**What is being asked:** In the records below, find the line containing "Echarpe douce et"; copy exactly that line and all lines after it to the end, and nothing else.

**Data in this exercise:**
☆ ☆ ☆
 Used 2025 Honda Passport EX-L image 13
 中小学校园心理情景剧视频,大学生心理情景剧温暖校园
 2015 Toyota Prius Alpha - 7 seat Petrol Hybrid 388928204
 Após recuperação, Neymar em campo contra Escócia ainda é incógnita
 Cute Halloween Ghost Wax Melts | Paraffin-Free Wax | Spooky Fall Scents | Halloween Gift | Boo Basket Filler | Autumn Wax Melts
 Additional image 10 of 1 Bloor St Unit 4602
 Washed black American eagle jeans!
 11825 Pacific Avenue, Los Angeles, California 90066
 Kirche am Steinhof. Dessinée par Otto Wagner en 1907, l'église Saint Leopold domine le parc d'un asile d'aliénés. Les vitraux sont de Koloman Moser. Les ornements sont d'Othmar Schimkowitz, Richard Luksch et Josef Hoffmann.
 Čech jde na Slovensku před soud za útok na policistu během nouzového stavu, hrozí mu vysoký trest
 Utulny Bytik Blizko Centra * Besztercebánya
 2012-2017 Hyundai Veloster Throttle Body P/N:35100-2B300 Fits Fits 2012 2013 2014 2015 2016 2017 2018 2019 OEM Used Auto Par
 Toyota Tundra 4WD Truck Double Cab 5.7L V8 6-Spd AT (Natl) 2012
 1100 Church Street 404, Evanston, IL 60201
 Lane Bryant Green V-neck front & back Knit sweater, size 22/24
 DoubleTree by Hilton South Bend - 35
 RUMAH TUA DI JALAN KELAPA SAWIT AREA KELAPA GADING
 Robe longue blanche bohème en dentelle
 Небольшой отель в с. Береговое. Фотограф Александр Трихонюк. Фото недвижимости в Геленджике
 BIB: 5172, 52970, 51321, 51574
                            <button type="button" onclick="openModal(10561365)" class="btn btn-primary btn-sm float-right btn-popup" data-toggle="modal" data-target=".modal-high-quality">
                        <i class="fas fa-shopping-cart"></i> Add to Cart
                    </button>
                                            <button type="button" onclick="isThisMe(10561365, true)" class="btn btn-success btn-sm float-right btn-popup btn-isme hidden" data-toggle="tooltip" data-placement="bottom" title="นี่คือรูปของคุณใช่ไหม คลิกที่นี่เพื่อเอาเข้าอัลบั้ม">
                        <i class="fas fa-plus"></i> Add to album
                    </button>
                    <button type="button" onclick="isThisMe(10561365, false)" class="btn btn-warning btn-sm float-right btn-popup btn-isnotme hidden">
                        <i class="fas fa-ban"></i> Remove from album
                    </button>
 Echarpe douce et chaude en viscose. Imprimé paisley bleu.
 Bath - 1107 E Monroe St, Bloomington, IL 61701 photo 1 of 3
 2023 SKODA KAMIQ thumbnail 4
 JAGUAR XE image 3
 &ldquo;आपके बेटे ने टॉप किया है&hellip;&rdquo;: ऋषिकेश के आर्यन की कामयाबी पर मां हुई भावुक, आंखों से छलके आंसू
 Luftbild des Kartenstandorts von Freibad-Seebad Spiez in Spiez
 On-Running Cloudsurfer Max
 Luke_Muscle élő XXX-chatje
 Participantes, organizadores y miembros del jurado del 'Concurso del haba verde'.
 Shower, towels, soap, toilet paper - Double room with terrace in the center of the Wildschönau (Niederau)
☆ ☆ ☆
**Solution below:**
 Echarpe douce et chaude en viscose. Imprimé paisley bleu.
 Bath - 1107 E Monroe St, Bloomington, IL 61701 photo 1 of 3
 2023 SKODA KAMIQ thumbnail 4
 JAGUAR XE image 3
 &ldquo;आपके बेटे ने टॉप किया है&hellip;&rdquo;: ऋषिकेश के आर्यन की कामयाबी पर मां हुई भावुक, आंखों से छलके आंसू
 Luftbild des Kartenstandorts von Freibad-Seebad Spiez in Spiez
 On-Running Cloudsurfer Max
 Luke_Muscle élő XXX-chatje
 Participantes, organizadores y miembros del jurado del 'Concurso del haba verde'.
 Shower, towels, soap, toilet paper - Double room with terrace in the center of the Wildschönau (Niederau)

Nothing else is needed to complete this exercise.